▶ [INSTRUCTIONS FOR THE TASK]: Extract, exactly and without pictures, every line from the one that includes "Detailansicht polierter Metallperlen" through the final line of the material below.
= Beginning of Section =
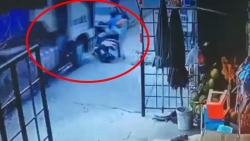 video xe tai dam vo duoi xe khach sau cu chuyen lan dot ngot cua o to con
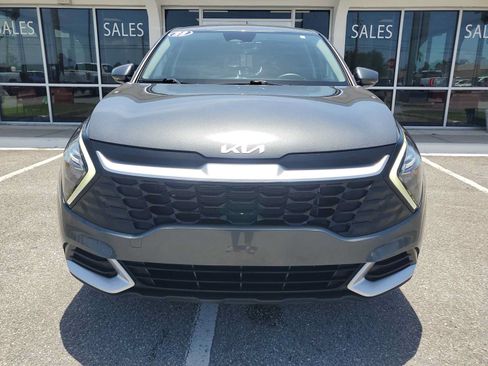 Used 2023 Kia Sportage LX AWD/4WD image 13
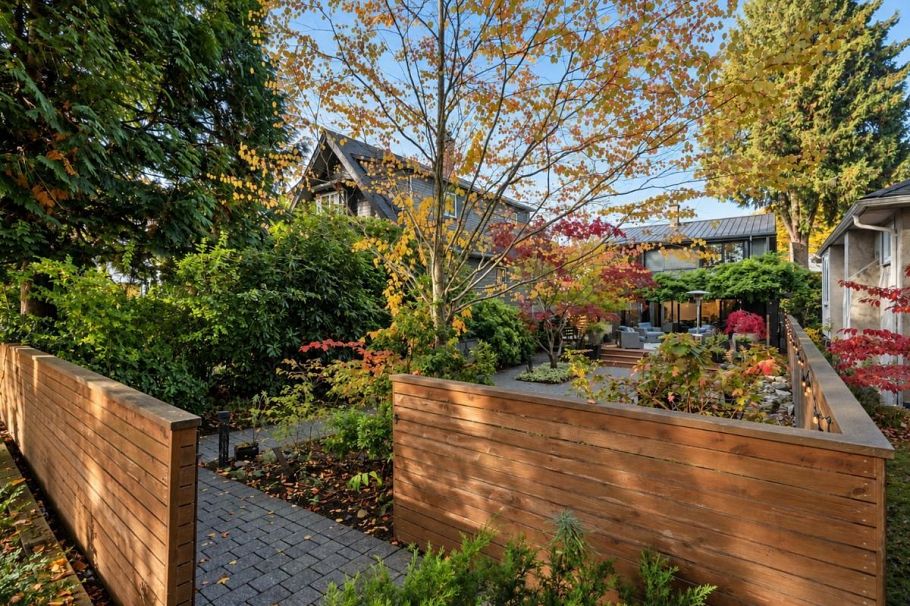 2835 W 13th Avenue Vancouver, BC - 36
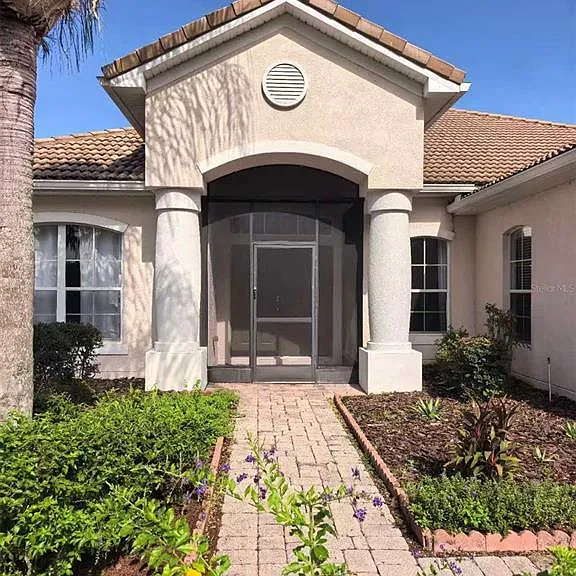 3520 Shorewood Dr — Photo 2
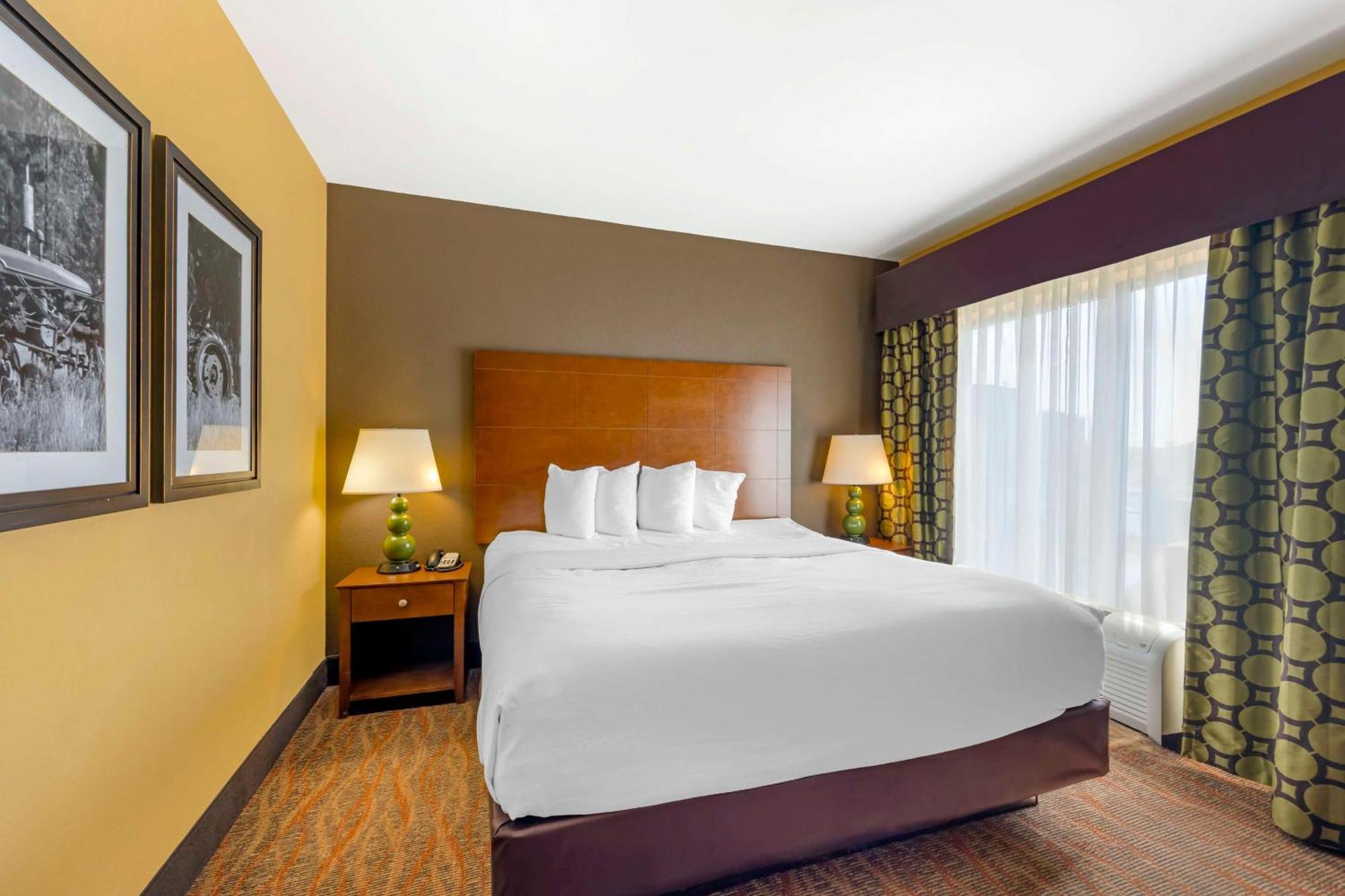Best Western Plus Tupelo Inn & Suites Eksteriør bilde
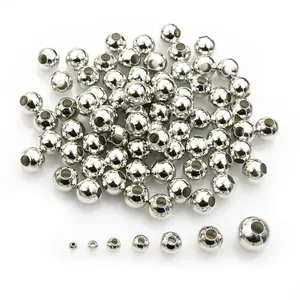 Detailansicht polierter Metallperlen in 7 Größen für die DIY-Schmuckherstellung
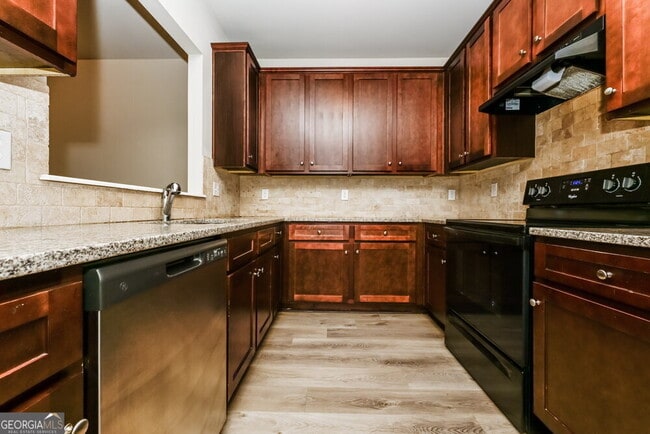 Building Photo - 3281 Pennington Dr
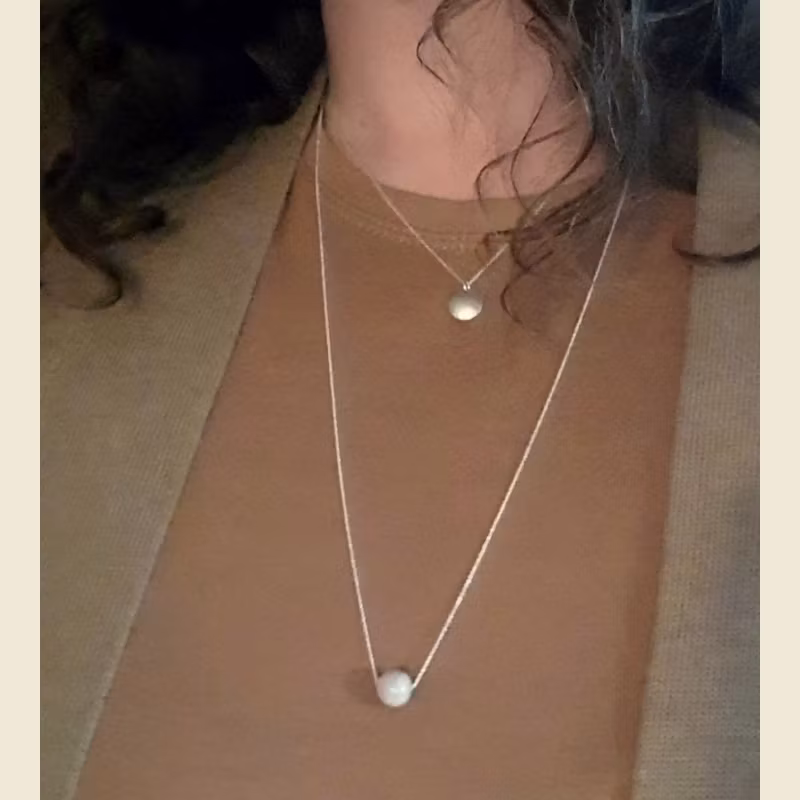 Silverhalsband Sweet simplicity ljus agat short tillsammans med silverhalsband La luna grace.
= End of Section =
▶ [RESULT OF THIS EXERCISE]:
 Detailansicht polierter Metallperlen in 7 Größen für die DIY-Schmuckherstellung
 Building Photo - 3281 Pennington Dr
 Silverhalsband Sweet simplicity ljus agat short tillsammans med silverhalsband La luna grace.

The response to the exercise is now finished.